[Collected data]
↓↓↓

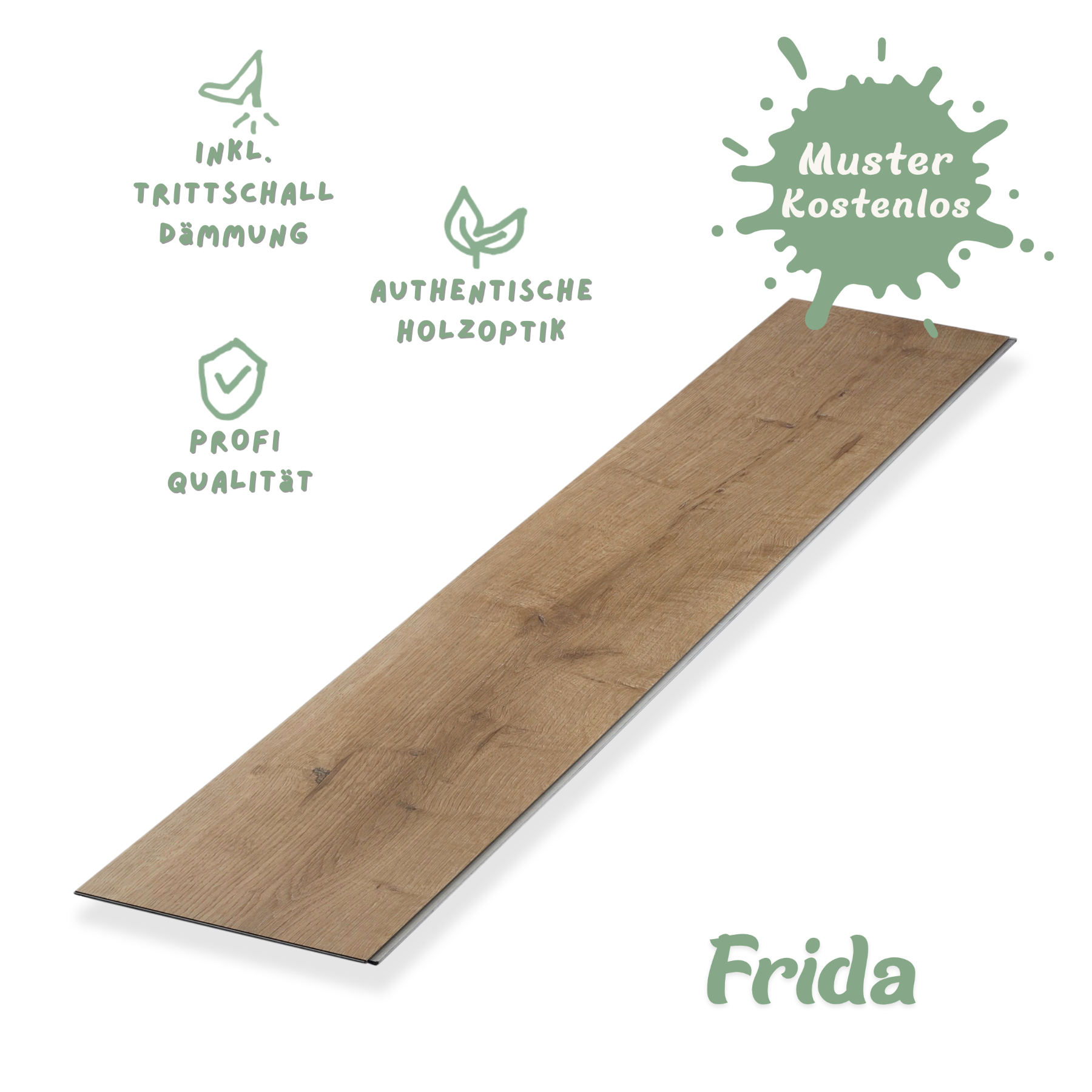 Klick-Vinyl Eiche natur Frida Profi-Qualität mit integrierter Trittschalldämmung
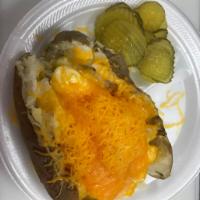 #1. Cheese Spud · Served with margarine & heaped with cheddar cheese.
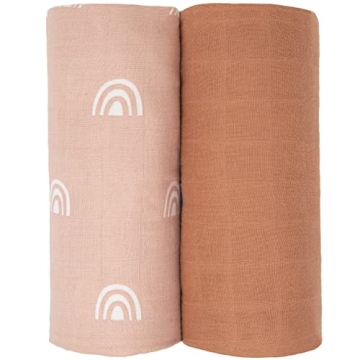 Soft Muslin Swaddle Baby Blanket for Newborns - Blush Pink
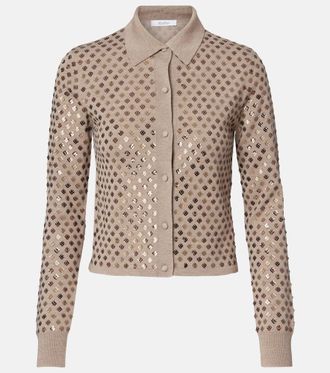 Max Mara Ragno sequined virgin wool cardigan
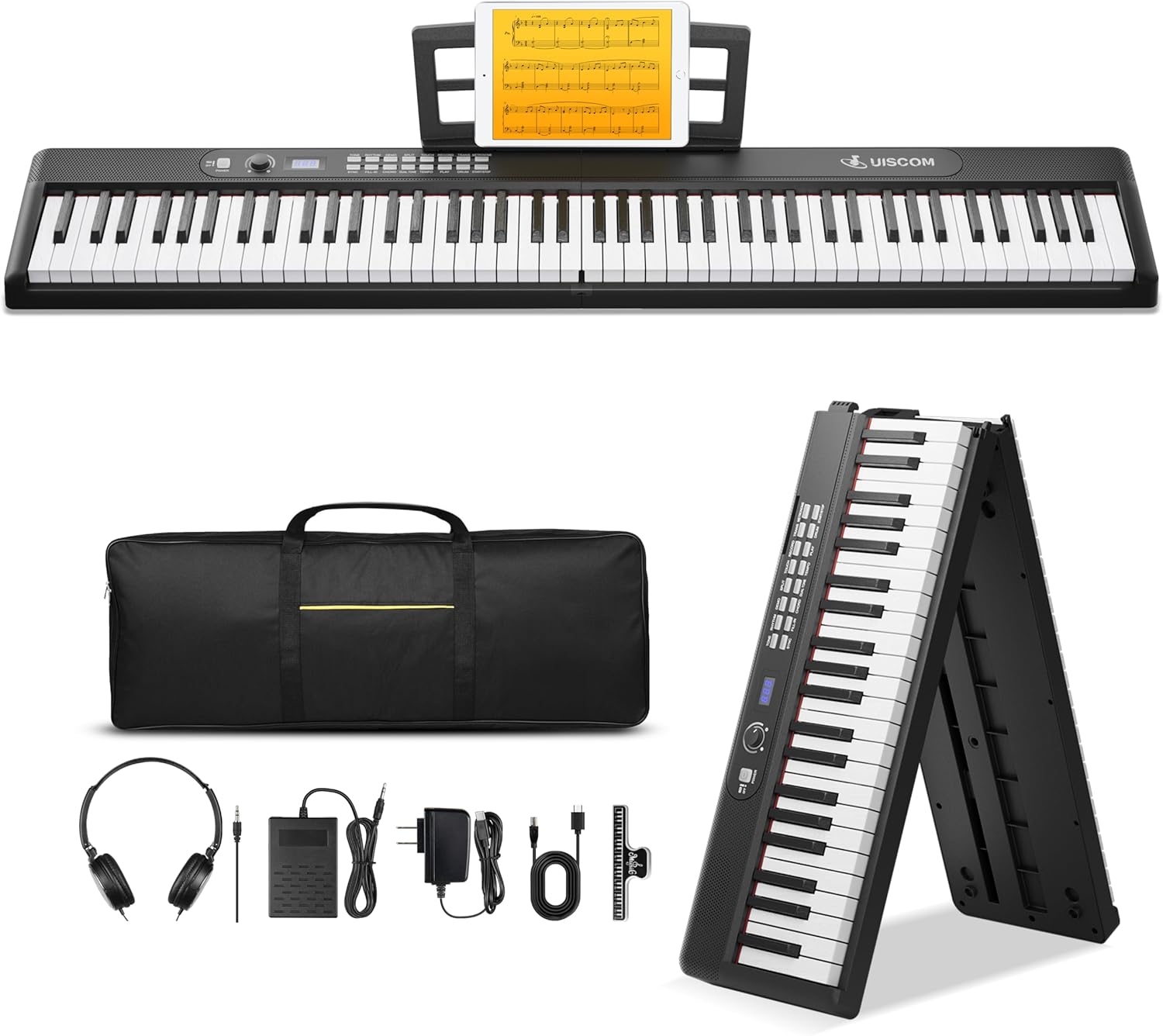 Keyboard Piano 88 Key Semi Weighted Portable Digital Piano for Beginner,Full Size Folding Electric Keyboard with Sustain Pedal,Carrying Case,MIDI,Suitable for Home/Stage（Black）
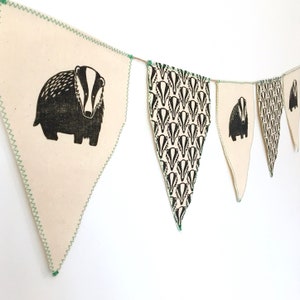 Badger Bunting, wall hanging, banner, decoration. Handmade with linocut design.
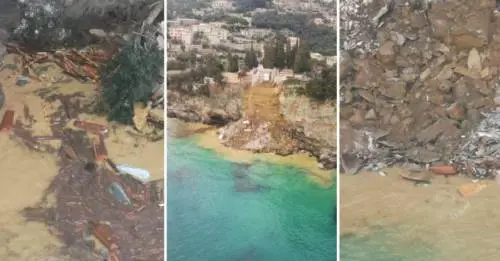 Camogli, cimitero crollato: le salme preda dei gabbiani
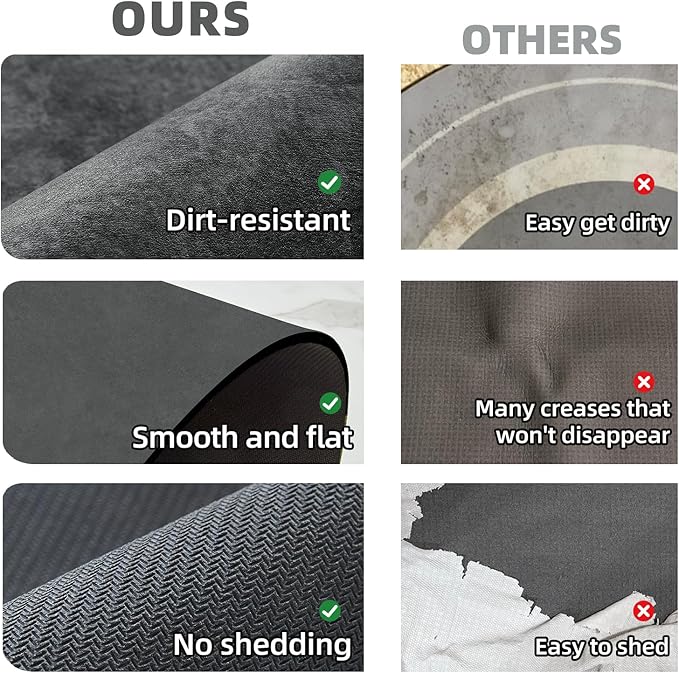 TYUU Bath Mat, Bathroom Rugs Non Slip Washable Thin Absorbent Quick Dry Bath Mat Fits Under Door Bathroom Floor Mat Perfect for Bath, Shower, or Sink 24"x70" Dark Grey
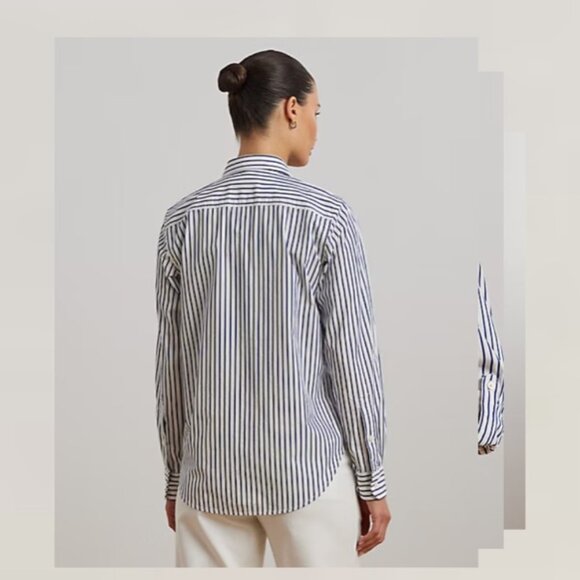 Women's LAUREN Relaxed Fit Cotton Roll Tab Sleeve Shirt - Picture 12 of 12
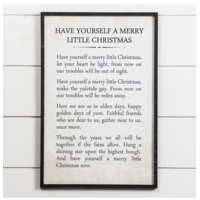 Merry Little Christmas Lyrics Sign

↑↑↑

__Exercise prompt__:
For every entry above, please output the text exactly and leave any picture behind.

__Response area__:
 Klick-Vinyl Eiche natur Frida Profi-Qualität mit integrierter Trittschalldämmung
 #1. Cheese Spud · Served with margarine & heaped with cheddar cheese.
 Soft Muslin Swaddle Baby Blanket for Newborns - Blush Pink
 Max Mara Ragno sequined virgin wool cardigan
 Keyboard Piano 88 Key Semi Weighted Portable Digital Piano for Beginner,Full Size Folding Electric Keyboard with Sustain Pedal,Carrying Case,MIDI,Suitable for Home/Stage（Black）
 Badger Bunting, wall hanging, banner, decoration. Handmade with linocut design.
 Camogli, cimitero crollato: le salme preda dei gabbiani
 TYUU Bath Mat, Bathroom Rugs Non Slip Washable Thin Absorbent Quick Dry Bath Mat Fits Under Door Bathroom Floor Mat Perfect for Bath, Shower, or Sink 24"x70" Dark Grey
 Women's LAUREN Relaxed Fit Cotton Roll Tab Sleeve Shirt - Picture 12 of 12
 Merry Little Christmas Lyrics Sign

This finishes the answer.